Faculty ask about non-STEM research at Senate meeting


Maria Lovato

David Luzzi presents to the Faculty Senate on Feb. 13 about the state of research at NU.

Maria Lovato, campus editor

Vice Provost for Research Innovation and Development David Luzzi gave a presentation on the state of student and faculty research at Northeastern during a Faculty Senate meeting Feb. 13, and fielded questions from faculty in the social sciences and humanities departments about how research is encouraged in their areas of study.

The key programs held by the Center for Research Innovation, including RISE and Gap Fund 360, are typically dominated by technology, engineering and business proposals, Luzzi said. And while he is very interested in getting the social sciences and humanities more involved with research, he said he is not sure how to organize support or resources for “creative arts research.”

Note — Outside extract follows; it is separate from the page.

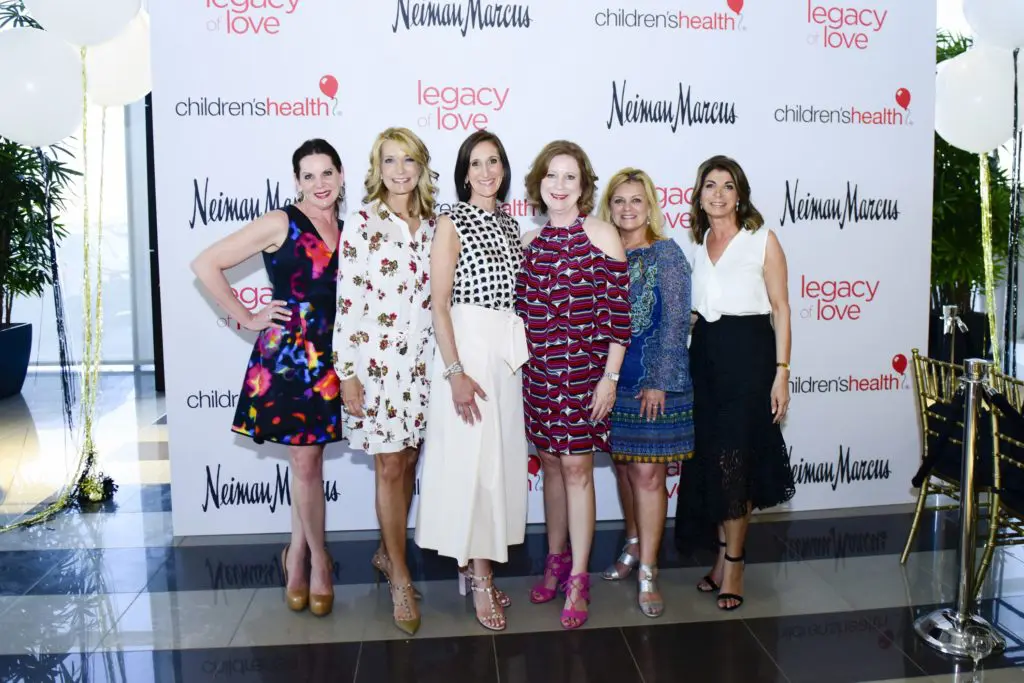 Adorable Mini Models Give This Fashion Show Plenty of Heart: Top Restaurants and a New York Fashion Star Are All In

“How do we facilitate more activity, that’s the question,” Luzzi said during his presentation, adding that Northeastern is on its way to becoming the first truly global research university, considering its rapid growth trajectory in research grant requests.

Some faculty worry that too much focus is being placed on research that can be commercialized. Jennie Stephens, the director of the School of Public Policy and Urban Affairs, said that in addition to the typical business and entrepreneurship ventures, there’s valuable research that has a social impact.

“I think it’s maybe just the word ‘entrepreneurship’ tends to be framed around making money,” she said. “And there’s a lot of research, social science research, that is more about humanity, the public good, and it’s not about making money.”

Luzzi also spoke about the impact of the government shutdown on NU. He said about 80 percent of Northeastern’s research funding is federal, and that NU had to use $4.6 million of its own money to sustain operations. After the shutdown ended, however, the federal government refunded the university in full.